- Genre: Documentary
- Created by: Osca Humphreys
- Starring: Susan Boyle
- Country of origin: United Kingdom
- Original language: English

Production
- Executive producer: Kirsty Wilson
- Running time: 60 minutes

Original release
- Network: ITV; TLC
- Release: 4 November 2011

= Susan Boyle: An Unlikely Superstar =

2011 British documentary film

Susan Boyle: An Unlikely Superstar is a documentary made in 2011 by filmmaker Osca Humphreys and produced by Firecracker Films for UK network ITV. The documentary was distributed internationally by Zodiak Rights.

The film crew followed Susan Boyle around the world for 3 months from Shanghai, China, to New Zealand, to New York City, to her back garden in Blackburn, Scotland.

The documentary attempted to answer the question of whether having achieved her dream of becoming a professional singer and with more wealth and fame than she ever imagined or even desired, she is now happy and as stated in the documentary "living the dream".

== Content ==
The documentary starts with Susan Boyle preparing for a performance at the Shanghai Grand Stadium as a guest star on China's Got Talent, in front of a live audience of 58,000 people and a television audience of 560 million. The narrator notes that "In 2009 the biggest selling album in the world was not by Beyonce or Lady Gaga ... It was by an unknown, unemployed, lonely woman from Scotland." Many of the songs from her 3rd album "Someone To Watch Over Me" play in the background during the documentary, and scenes from the recording studio are included, as she works on the album with her producer and prepares the music with her vocal coach, Yvie Burnett.

Memorable scenes from the documentary allow us in to the private world of Susan Boyle attending a meeting in London with her manager and Simon Cowell, an emotional and uplifting meeting with some of her fans in New York in August 2011, being honoured at her local village Blackburn Gala Day on 11 June 2011, recording a track for "Someone to Watch Over Me", and attending rehearsals for the musical I Dreamed a Dream, which tells Boyle's life story. She becomes very emotional as the musical rehearses Boyle's painful life episodes. The documentary shows the close connection that Boyle has with her manager.
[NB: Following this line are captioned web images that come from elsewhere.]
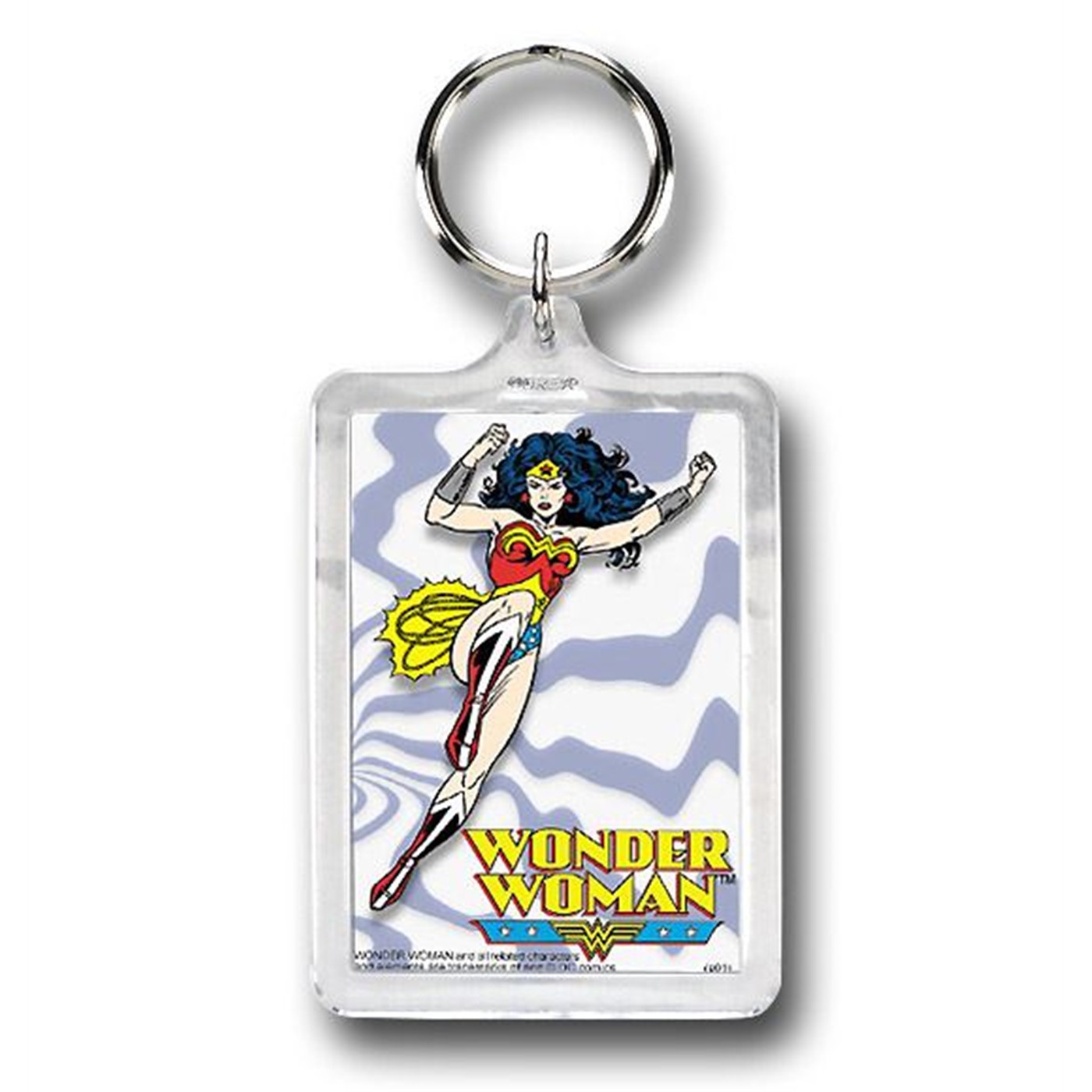 Wonder Woman Flying Mirror Keychain, White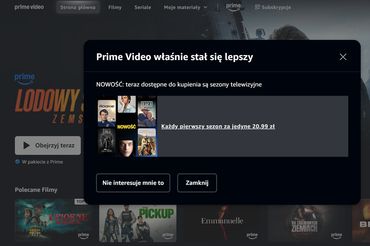 Użytkownicy Prime Video mogą kupić dostęp do sezonów seriali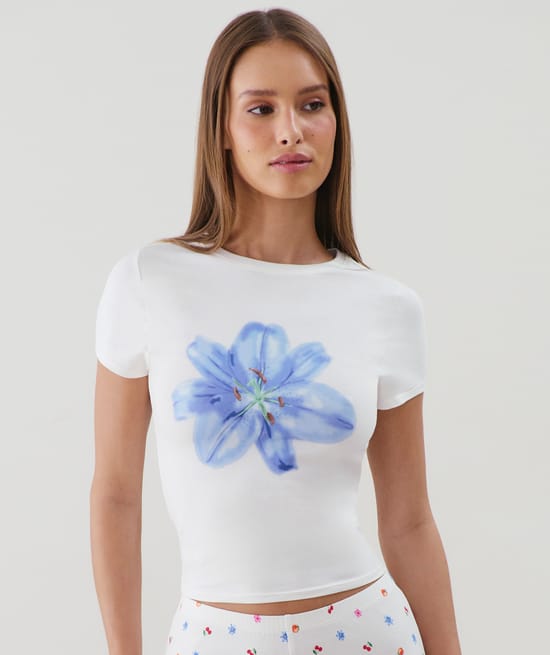 T-shirt met patroonprint in jersey;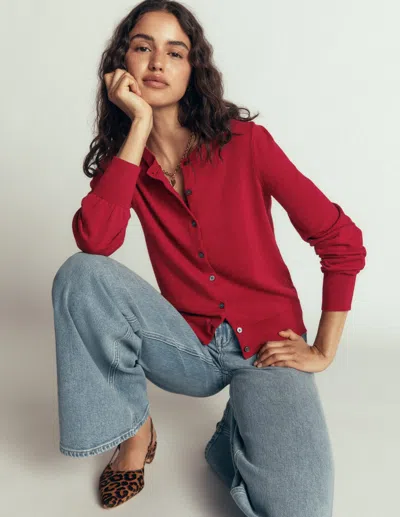 Boden Camilla Baumwollstrickjacke Mit Rundhalsausschnitt In Rot | Grösse Xl In Red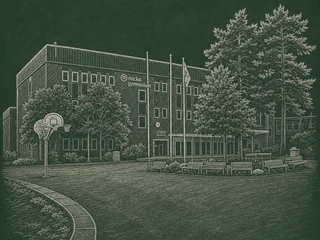 Chalkboard-illustration av Nacka Gymnasium, Nacka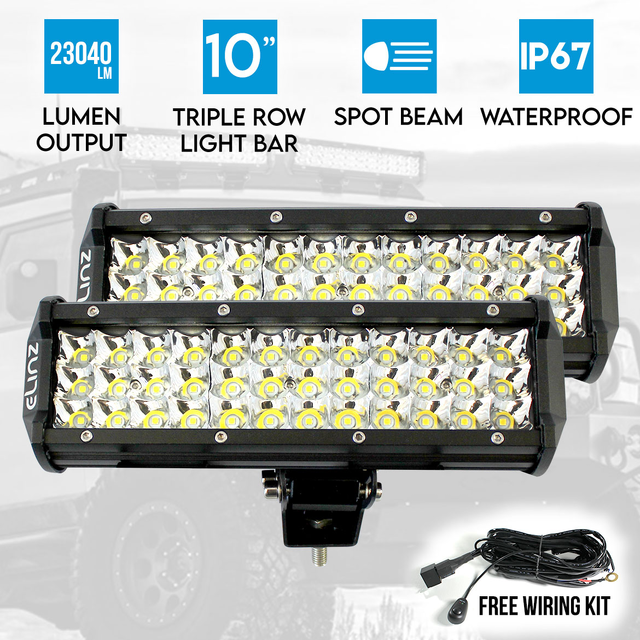 Elinz 2x 10" LED Work Driving Light Bar 3 Rows Spot Offroad 12V 24V Truck 4WD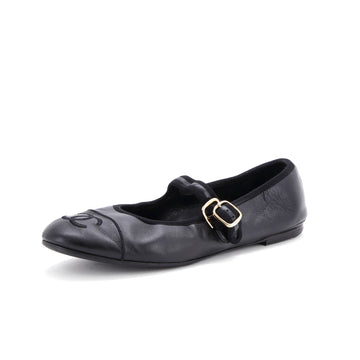 Chanel Women's CC Mary Jane Flats Embroidered Leather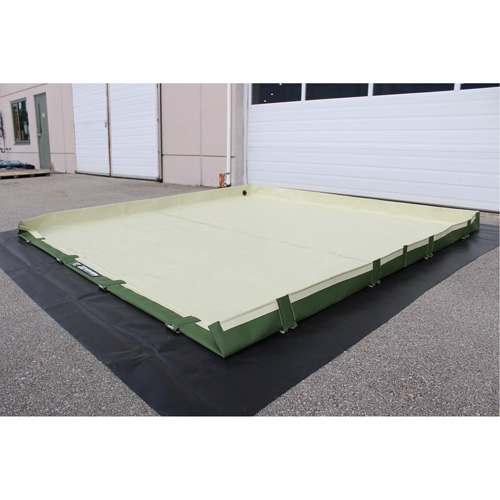 Easy-Riser Insta-Berm, 538 US gal. Capacity, 12' W x 12' L x 6" H, Hinge Bracket GTA Hardware Inc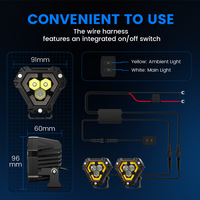 Projecteurs LED 4x4 3,5 pouces 28W 1597LM, faisceau spot et large, DRL ambre, éclairage de conduite, étanche IP68, pour Wrangler JK JL Bronco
In Boyle's home in Blackburn, the viewer is shown the plaque from Sony for her 14,000,000 sales in 14 months. Boyle states, "I get embarrassed. I'm nobody special." In one scene, Boyle is sitting alone on a bench in the back garden of her home. She reads the plaque on the bench "In loving memory of our dear mum & dad Pat & Bridie Boyle always in our hearts from their loving family". Since her parents died, and her siblings have moved away, Boyle expresses that she often has feelings of loneliness. She has a few friends in Blackburn, but she still has a longing to meet that "special person" with whom to share her life.

== Promotion and Reception ==

The documentary first aired in the UK on ITV on 4 November 2011. As reported in the media:
"SuBo perks up ITV's Friday night ratings On Friday night The 9pm hour belonged to ITV's Susan Boyle: An Unlikely Superstar, which averaged 5.5 million viewers and a 22.4% audience share, rising to 5.8 million with ITV +1."
In the U.S. the documentary first aired on 6 November 2011 on the TLC cable channel and is still available to viewers in the U.S. via Netflix.

In Australia the documentary was sold as a DVD and attained Platinum accreditation as per ARIA Charts - Accreditations - 2011 DVDs.